On the other hand, this trend is supported by a 6% increase in investor deposits at the end of Q4 2023, reaching 82 trillion VND. This figure has also increased by 30% since the beginning of 2023, surpassing the deposit growth of the banking system (+13.2%).

Interestingly, the increase in investor deposits and margin lending somewhat contradicts the turnover decline of the three stock exchanges in Q4 (down 25% QoQ). This indicates that although investors were more cautious in late 2023, most of them chose to stay in the market due to the ongoing low interest rates on savings and expectations of early recovery in other major investment channels.

External funds will return after the Lunar New Year holiday

VDSC believes that the temporarily “sideline” funds will return after the lunar new year holiday, especially when there is more active movement of large funds, which have a market-leading impact on blue-chip stocks in the upcoming period with the news flow of the 2024 shareholders’ meetings.

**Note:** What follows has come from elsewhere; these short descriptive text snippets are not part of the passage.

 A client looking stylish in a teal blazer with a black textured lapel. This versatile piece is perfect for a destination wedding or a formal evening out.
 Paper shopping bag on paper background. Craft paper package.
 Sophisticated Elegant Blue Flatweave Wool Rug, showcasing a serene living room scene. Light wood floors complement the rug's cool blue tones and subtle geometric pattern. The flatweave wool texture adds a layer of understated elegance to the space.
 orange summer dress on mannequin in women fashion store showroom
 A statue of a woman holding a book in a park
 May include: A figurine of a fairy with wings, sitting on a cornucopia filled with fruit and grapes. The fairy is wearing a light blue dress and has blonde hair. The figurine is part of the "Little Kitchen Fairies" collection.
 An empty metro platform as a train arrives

Moreover, the sharp unexpected decline in the more attractive investment opportunities in the market may also reactivate this waiting money.

After the Q4 2023 financial statements, the 12-month profit growth rate increased by 7% compared to the end of Q3 2023, further affirming that business activities have bottomed out in the mid-2023 period. VDSC expects the effectiveness of the central bank’s liquidity loosening policies and the acceleration of public investment in 2023 by policymakers will be more evident in 2024.

The overall P/E ratio is estimated at 13.6x, compared to the nearly 14x at the end of last year. VDSC’s observations indicate that at this P/E level, there will be no significant pressure from foreign investors. Therefore, market corrections are opportunities for astute investors to accumulate industry-leading stocks with the potential for a quick recovery after the economic recovery.

Furthermore, for Q1 2024, the analysts believe that the story of rising commodity prices may continue to attract attention. The ongoing decline in prices of dairy products or soybeans could significantly improve the profitability of food and beverage companies compared to the same period in 2023.